*Work required*:
Look below for the line that has "Fabulous Green Oxidised Jumka Earrings"; output exactly from it through the line that has "Belanja Pakaian DPRD", and leave the pictures out.

*Exercise data*:

##############################

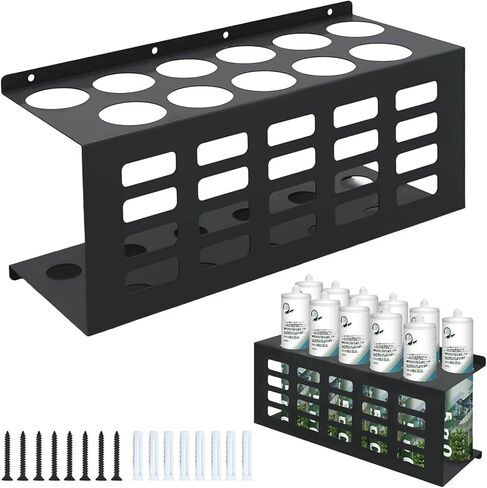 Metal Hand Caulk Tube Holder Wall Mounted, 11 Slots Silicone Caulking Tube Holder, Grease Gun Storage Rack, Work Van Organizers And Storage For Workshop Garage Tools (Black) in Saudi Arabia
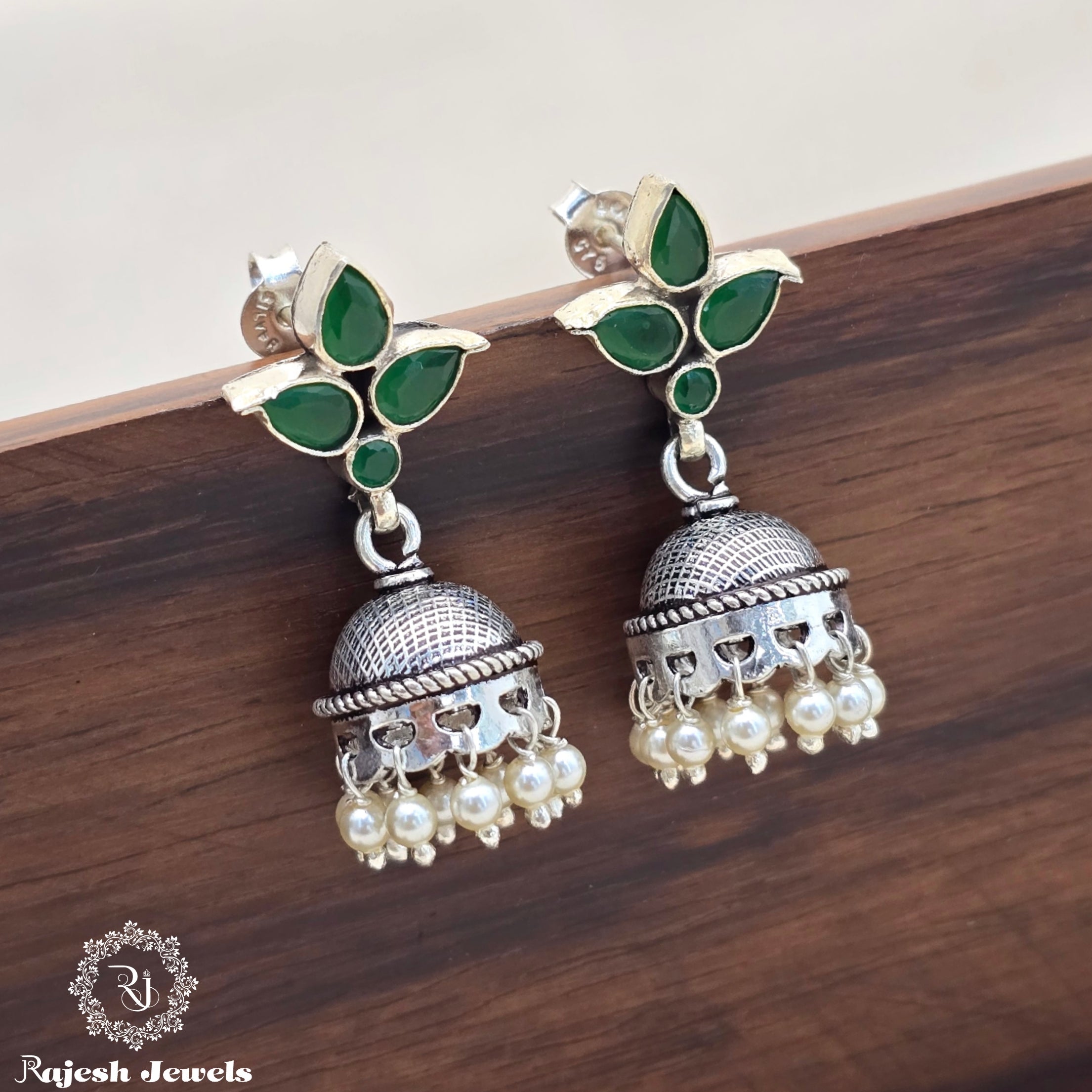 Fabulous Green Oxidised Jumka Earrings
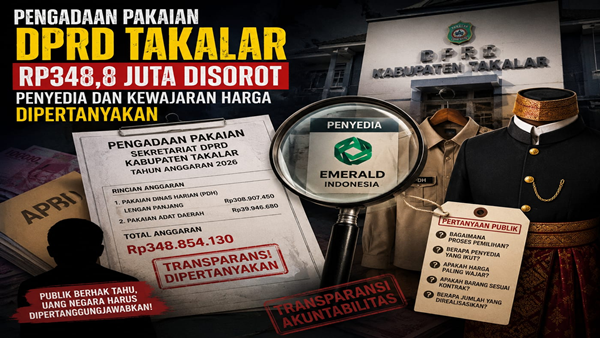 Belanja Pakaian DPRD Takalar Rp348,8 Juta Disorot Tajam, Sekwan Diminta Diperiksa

##############################

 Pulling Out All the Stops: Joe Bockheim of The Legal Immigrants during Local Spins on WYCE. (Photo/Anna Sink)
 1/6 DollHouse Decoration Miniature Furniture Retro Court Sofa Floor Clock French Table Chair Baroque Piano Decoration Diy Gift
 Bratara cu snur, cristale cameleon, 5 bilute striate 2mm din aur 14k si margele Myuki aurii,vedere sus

##############################

*Answer*:
 Fabulous Green Oxidised Jumka Earrings
 Belanja Pakaian DPRD Takalar Rp348,8 Juta Disorot Tajam, Sekwan Diminta Diperiksa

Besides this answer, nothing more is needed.